A common theme in Guinea-Bissau, apart from strong indications of two world-class petroleum systems, is the excellent fiscal regime. The tax/royalty system in Bissau has always ranked near the top in terms of global petroleum economic systems, with high company take and rapid return on investment. A new Petroleum Code in 2014 strengthened these terms further, simplifying the economic model and improving contractor take.

Great Expectations

There is strong support for the conjugate model in the Atlantic, whereby successful petroleum provinces are mirrored on both sides of what was the same basin, pre-rifting. The qualifier is that “conjugate” does not automatically imply “analogue”. This can be seen to be the case in the Lower Cretaceous basins of the MSGBC, compared to the mainly upper Cretaceous Canje play in Guyana. However, with the strong geological connection between the Demerara Plateau in Suriname and the Guinea Plateau in Bissau, there is strong evidence to suggest the lower Cretaceous play has every chance of success. Oil has been recorded in the Aptian sands of the Keskesi 1 well in Suriname for example, and Macaw 1 (TotalEnergies) and Araku Deep 1 (Shell) will test the flanks of the Demerara Plateau late 2025.
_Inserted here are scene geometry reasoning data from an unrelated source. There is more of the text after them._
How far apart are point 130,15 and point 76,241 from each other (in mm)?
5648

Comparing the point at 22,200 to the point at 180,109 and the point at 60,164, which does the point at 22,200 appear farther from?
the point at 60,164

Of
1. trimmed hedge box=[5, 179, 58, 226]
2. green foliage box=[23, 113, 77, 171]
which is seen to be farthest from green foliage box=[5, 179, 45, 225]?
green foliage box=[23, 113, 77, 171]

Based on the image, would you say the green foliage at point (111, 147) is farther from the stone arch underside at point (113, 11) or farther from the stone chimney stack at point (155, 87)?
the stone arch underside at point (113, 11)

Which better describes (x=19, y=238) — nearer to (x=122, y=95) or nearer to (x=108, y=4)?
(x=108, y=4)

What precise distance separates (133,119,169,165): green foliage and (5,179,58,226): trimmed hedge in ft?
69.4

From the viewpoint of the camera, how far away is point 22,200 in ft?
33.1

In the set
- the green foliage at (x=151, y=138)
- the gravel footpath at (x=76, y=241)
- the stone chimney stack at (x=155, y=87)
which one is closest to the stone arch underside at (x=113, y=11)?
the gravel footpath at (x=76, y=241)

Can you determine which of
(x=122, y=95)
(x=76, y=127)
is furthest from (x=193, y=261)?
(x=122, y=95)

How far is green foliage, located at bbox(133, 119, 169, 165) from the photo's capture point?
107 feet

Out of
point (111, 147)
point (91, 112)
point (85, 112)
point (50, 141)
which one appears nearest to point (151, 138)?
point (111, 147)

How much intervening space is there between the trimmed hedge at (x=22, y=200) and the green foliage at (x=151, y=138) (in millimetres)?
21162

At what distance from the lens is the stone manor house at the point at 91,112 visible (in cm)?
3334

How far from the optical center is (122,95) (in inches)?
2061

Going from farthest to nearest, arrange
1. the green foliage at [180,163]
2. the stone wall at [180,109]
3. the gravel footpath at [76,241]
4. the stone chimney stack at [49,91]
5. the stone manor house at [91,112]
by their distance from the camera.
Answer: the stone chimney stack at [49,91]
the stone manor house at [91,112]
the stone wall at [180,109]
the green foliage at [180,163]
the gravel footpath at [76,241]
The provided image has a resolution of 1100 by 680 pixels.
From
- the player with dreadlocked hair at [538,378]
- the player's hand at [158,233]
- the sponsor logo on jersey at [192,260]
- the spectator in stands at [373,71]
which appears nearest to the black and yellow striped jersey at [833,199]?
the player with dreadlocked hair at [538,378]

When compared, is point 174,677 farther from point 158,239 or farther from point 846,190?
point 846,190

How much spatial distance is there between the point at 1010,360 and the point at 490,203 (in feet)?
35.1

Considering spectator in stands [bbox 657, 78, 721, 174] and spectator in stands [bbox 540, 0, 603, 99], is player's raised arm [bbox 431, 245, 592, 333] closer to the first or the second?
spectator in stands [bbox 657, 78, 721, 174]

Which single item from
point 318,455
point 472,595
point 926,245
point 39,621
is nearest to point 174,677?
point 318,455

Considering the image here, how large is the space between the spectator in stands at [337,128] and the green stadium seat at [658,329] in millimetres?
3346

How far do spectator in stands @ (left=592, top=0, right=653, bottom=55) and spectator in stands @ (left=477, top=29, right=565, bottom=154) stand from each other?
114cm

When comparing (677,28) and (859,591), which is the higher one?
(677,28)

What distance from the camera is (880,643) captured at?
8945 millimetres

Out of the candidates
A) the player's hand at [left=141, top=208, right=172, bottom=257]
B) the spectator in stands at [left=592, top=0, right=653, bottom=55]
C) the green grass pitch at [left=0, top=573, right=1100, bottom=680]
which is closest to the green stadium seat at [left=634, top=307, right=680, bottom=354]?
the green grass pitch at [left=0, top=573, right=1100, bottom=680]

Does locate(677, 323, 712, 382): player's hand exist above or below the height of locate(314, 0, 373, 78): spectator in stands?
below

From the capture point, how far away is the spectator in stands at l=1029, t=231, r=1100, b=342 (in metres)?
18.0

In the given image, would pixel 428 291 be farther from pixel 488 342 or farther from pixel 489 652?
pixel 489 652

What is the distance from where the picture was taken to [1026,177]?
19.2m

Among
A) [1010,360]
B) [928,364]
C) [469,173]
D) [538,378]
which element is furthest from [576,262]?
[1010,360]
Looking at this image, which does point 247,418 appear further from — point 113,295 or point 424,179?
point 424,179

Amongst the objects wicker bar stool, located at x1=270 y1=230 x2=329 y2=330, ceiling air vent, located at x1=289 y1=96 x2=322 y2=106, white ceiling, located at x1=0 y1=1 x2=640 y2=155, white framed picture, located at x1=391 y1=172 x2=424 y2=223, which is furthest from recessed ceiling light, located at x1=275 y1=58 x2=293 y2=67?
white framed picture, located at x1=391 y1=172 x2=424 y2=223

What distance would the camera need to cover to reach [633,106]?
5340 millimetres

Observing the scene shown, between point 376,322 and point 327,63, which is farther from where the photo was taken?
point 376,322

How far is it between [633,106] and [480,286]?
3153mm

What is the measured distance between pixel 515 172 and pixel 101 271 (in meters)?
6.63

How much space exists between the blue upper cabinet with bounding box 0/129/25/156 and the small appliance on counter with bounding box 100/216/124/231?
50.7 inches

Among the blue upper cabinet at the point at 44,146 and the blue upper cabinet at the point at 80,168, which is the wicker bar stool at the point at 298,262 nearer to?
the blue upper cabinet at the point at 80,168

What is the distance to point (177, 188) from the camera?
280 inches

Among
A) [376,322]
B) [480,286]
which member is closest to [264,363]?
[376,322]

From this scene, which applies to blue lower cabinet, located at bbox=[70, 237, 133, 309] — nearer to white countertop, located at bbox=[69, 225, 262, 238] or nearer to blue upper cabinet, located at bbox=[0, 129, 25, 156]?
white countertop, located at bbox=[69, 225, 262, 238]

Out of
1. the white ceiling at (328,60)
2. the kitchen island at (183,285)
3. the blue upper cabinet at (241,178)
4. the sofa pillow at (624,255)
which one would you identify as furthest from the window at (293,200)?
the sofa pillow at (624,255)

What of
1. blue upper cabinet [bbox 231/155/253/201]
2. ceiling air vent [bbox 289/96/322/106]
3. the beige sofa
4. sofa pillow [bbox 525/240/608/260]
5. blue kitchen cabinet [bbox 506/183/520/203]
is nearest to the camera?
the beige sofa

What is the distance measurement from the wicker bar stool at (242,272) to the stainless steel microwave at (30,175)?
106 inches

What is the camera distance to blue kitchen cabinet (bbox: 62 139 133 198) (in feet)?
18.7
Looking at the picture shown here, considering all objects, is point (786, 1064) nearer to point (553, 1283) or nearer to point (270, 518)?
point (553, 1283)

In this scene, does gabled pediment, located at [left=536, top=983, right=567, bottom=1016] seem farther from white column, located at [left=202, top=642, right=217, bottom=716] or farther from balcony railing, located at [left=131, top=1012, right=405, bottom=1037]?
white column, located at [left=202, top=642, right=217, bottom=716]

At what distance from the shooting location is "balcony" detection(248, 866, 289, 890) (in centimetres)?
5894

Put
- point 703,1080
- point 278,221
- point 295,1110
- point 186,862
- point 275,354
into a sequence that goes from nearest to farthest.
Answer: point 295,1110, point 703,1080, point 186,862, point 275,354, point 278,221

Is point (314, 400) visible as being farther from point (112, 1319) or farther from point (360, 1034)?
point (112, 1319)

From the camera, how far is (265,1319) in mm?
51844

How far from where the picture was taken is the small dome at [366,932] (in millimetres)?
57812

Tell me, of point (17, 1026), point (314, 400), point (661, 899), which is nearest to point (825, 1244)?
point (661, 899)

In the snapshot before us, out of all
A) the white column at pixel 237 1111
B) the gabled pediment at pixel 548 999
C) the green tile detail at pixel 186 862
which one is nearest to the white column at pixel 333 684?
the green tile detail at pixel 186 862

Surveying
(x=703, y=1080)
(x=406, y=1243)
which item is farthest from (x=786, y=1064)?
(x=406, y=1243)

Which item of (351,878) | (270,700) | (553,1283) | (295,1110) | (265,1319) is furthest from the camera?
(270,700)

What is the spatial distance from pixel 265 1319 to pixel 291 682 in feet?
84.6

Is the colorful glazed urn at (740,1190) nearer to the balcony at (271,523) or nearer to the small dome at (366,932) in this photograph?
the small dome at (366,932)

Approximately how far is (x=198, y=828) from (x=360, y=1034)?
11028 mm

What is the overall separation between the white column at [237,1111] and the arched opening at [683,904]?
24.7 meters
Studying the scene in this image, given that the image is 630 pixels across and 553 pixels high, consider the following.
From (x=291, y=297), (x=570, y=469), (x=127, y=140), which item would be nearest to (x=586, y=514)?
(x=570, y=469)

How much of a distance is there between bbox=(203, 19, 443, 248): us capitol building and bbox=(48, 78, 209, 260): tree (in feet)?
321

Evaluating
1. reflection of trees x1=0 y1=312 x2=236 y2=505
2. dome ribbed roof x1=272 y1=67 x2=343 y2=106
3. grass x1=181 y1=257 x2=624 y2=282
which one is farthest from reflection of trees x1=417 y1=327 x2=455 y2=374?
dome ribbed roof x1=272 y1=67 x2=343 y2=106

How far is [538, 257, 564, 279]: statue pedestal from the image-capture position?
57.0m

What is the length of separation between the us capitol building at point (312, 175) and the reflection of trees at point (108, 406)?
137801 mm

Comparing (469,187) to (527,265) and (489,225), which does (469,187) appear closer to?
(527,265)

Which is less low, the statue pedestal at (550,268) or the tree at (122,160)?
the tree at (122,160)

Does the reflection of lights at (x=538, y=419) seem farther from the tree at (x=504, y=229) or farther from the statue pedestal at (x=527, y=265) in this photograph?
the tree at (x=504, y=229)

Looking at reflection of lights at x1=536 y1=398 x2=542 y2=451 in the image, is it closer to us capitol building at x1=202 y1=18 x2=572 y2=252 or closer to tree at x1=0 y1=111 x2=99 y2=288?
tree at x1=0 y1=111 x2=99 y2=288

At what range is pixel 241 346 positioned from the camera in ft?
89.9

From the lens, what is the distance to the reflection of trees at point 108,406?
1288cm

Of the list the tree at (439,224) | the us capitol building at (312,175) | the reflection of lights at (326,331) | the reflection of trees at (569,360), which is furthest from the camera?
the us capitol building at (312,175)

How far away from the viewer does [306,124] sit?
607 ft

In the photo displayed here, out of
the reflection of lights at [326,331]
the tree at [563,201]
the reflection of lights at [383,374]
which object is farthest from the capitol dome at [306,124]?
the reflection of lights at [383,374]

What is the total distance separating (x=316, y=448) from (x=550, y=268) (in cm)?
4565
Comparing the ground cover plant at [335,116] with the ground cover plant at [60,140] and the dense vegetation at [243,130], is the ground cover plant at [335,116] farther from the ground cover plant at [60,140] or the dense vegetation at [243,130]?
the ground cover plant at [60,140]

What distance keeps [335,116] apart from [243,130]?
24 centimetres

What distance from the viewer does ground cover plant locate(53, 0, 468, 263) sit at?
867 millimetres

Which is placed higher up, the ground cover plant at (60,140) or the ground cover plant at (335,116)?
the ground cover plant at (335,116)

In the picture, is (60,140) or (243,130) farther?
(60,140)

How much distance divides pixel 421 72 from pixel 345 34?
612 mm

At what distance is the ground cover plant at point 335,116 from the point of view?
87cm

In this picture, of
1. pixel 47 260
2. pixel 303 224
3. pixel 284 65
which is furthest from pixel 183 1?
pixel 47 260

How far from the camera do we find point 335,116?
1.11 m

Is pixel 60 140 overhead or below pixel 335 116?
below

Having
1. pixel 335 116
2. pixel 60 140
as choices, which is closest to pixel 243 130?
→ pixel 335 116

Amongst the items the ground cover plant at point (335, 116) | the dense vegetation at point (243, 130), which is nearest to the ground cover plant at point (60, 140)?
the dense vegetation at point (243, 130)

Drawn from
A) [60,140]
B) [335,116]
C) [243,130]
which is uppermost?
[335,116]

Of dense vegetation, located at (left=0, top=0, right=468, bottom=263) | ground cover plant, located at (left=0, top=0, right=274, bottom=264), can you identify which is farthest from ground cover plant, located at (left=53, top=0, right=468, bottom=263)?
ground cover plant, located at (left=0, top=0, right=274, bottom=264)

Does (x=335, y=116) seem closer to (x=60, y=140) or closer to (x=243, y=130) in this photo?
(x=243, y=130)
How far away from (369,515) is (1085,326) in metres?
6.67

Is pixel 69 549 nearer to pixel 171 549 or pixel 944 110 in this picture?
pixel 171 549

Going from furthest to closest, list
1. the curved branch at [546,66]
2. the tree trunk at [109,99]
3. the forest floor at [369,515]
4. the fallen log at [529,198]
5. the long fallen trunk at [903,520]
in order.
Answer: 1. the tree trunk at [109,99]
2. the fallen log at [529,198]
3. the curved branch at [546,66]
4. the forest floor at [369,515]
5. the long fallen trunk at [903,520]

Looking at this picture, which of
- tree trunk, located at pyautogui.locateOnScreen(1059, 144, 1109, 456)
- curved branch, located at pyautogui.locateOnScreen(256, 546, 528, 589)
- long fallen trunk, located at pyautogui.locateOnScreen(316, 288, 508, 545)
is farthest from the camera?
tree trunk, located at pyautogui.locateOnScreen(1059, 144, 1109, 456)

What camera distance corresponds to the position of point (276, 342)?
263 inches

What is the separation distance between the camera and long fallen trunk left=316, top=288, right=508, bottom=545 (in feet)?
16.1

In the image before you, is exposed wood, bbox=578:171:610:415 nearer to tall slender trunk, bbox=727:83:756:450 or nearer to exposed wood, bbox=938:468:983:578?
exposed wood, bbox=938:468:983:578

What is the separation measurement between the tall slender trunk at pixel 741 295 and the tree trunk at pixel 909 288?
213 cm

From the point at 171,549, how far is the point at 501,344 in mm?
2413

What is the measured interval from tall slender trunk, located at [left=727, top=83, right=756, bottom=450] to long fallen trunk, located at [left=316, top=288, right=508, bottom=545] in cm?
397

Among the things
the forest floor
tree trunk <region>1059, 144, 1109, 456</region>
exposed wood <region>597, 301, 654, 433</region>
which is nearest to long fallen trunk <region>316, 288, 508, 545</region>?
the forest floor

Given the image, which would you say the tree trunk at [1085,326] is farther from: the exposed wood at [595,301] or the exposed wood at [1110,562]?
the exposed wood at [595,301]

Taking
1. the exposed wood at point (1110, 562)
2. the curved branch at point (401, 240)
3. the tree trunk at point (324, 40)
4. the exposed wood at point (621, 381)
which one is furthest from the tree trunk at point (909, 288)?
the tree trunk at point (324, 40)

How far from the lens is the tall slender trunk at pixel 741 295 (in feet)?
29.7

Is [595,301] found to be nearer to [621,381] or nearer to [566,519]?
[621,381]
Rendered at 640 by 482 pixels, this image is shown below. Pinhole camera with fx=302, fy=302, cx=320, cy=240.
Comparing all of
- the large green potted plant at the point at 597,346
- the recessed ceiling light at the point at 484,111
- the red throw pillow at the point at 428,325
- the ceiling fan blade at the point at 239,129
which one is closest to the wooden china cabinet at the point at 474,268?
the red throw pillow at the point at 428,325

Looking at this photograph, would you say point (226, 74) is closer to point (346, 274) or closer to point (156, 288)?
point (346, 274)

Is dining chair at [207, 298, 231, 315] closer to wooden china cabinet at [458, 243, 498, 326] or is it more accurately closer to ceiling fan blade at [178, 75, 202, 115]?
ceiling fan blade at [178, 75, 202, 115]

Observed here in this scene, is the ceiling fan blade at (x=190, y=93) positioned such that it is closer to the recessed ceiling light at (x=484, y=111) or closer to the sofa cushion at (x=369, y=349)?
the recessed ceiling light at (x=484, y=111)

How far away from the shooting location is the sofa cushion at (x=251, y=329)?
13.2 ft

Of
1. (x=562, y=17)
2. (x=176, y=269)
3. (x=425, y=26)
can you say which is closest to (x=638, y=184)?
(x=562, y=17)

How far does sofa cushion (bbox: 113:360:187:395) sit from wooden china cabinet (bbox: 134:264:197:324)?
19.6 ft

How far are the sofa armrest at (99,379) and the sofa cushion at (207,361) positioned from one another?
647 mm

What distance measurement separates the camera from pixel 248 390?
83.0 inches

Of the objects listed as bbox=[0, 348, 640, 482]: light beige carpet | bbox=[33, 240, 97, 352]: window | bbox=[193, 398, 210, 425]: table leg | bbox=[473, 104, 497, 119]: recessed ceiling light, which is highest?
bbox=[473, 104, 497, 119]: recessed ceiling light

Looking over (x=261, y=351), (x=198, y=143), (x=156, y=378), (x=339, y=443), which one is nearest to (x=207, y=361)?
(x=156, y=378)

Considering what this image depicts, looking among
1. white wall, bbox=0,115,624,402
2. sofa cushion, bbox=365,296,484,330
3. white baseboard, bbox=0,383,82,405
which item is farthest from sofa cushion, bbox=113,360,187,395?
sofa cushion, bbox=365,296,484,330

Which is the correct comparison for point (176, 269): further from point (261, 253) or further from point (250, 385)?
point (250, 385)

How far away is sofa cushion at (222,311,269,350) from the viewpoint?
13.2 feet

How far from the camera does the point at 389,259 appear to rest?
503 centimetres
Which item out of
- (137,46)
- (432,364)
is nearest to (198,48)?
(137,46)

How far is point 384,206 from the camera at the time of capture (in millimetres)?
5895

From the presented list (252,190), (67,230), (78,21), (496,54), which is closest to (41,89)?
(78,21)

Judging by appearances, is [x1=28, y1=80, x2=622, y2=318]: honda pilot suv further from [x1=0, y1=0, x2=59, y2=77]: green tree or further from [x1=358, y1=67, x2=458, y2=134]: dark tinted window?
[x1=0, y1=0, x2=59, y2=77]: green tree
In 2023, after another drop in activity offshore Bissau, Apus took the reigns at the Sinapa Blocks (2, 4A and 5A) from Petronor, with a view to picking up the story at Atum and Anchova. These platform edge 3-way closures against the main fault were believed to be closely analogous to the Sangomar field in Senegal. The geometry of both plays are strikingly similar, but charge and reservoir quality appear to have failed when Atum 1 was drilled by Apus in 2024. The important difference between Atum and Sangomar is a change in depositionary fabric around the AGC area, where Sangomar benefits from thick Albian and Cenomanian reservoir sands to the north, and carbonates in the Aptian. The wells south of AGC preserve much thicker Aptian sandstone reservoirs and very little late Cretaceous. There is a strong case for an upper Jurassic carbonate play to the south as well, as the Guinea Plateau develops. Atum 1 notably did not continue to the Aptian targets, and TD’d early in mediocre Albian sands. The deepwater Guinea Plateau Basin hosts a good number of world-class structures with thick Aptian clastic series, a new play that is yet to be tested in anger, and one that US supermajor Chevron is now starting to size up. Chevron took operatorship of Blocks 5B and 6B, adjacent to Supernova in 7B, in September 2025.

Guinea Bissau will host a number of major exploration campaigns over the next few years, with Supernova, Apus, Chevron and BEC all working on modern 3D data and multiple world-class prospects across the Guinea Plateau basin. The recent country entry by Chevron is likely to prove influential in attracting further oil industry investment, and this most recent phase of exploration is set to pay great dividends.